Now, the FIR filter structure using DA method implemented in VHDL is imported as an IP core in the above hardware platform and is interfaced with the Micro Blaze processor. The GA is implemented in the SDK platform. Then an embedded system is formed by integrating the SDK platform with the hardware platform implemented in EDK. The GA is coded using C language. The specifications of GA:

  • Selection method: Roulette wheel selection in which each individual gets a slice of the wheel, but more fit ones get larger slices than less fit ones.

  • Crossover: Single point crossover.

  • Probability of crossover: 70%

  • Mutation: Random mutation

  • Probability of Mutation: 0.5%

  • Population size: 4(number of coefficients)

  • No. of iteration: 1000(maximum)

The FIR filter specifications: The cut-off frequency of the filter was set to 0.5 kHz and the filter order 3 with 4 filter coefficients. The reason for the number of coefficients was chosen small is mainly reduces the computation of the code.

4 Results and Discussions

The performance results of the proposed evolvable hardware architecture were compared with Matlab results. The hardware platform was designed using XPS tool and the GA was implemented using the SDK platform of the Xilinx Spartan 6 FPGA. Then this design was fused to the FPGA Kit and the terminal of the SDK platform was connected to PC through serial communication port UART.

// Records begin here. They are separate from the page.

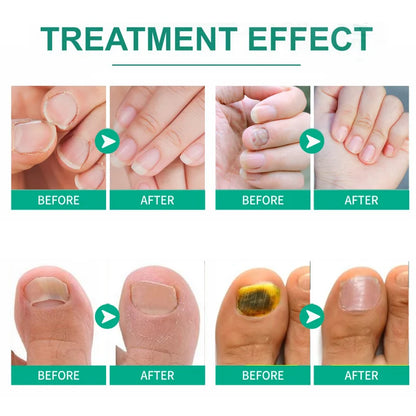 Extra Strong Nail Fungus Treatment Serum Essence oil Feet Nails Repair Care Essence Cream Anti Infection Toe Fungal Removal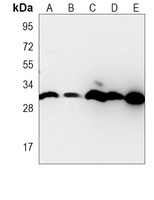 Anti-RAB23 Antibody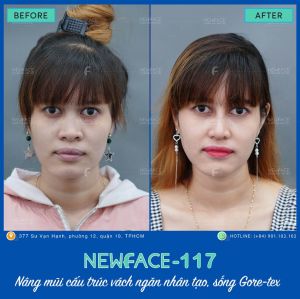 Hình ảnh nâng mũi trước sau Bs Trần Phương - Ca 117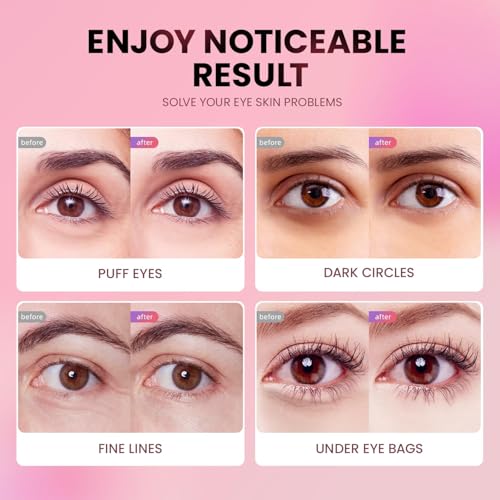 AILEORY Tri-Color Under Eye Patches - Hydrating Gel Pads for Dark Circles & Puffiness (24 Pairs)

The Fig. 6 shows the implementation of GA configuration in SDK platform in FPGA Spartan 6 Trainer Kit. The final set of normalized coefficients was displayed on the console window of the SDK platform through the use of UART peripheral.

Fig. 6
figure 6

SDK Platform for GA configuration

The Fig. 7 shows the original signal with frequency of 100 kHz and the sampling frequency is set to 300 kHz. 100 number of samples was taken for simulation (Iterations). The original signal is corrupted by white noise with variance σ2 = 0.5. The sinusoidal signal with additive white noise is illustrated in Fig. 8.

Fig. 7
figure 7

Original signal

Fig. 8
figure 8

Original signal and original signal + noise

The aim of the simulation was the mean square error minimisation. Figure 9 shows the enhanced signal for the crossover probability of 0.7 and mutation probability of 0.005 of GA [13]. The better results are achieved by a crossover probability of range between 0.65 and 0.9. So crossover probability of 0.7 was considered. Similarly for mutation rate the range was 0.5–1%. So Mutation probability of 0.5% was considered.

Fig. 9
figure 9

Signal and enhanced signal by genetic algorithm

The error was reduced significantly and reaches the global optimum value after 80th generation. The final set coefficients from GA were (0.0075, 0.0021, 0.0021 and 0.0071). It can be observed that the filter output gradually gets closer to the original signal after 80th generation.

5 Conclusion

The use of adaptive algorithm for noise cancellation has been presented in this paper by using the method of updating the coefficients of FIR Filter (Evolvable Filter) using GA. The design of the FIR IP Core in VHDL was done and the coefficients were updated using GA (implemented in C) in FPGA. This paper also describes the importance of crossover probability, mutation probability of GA program. Thus, it may be concluded that GAs are feasible and better practical approach for adaptive filtering.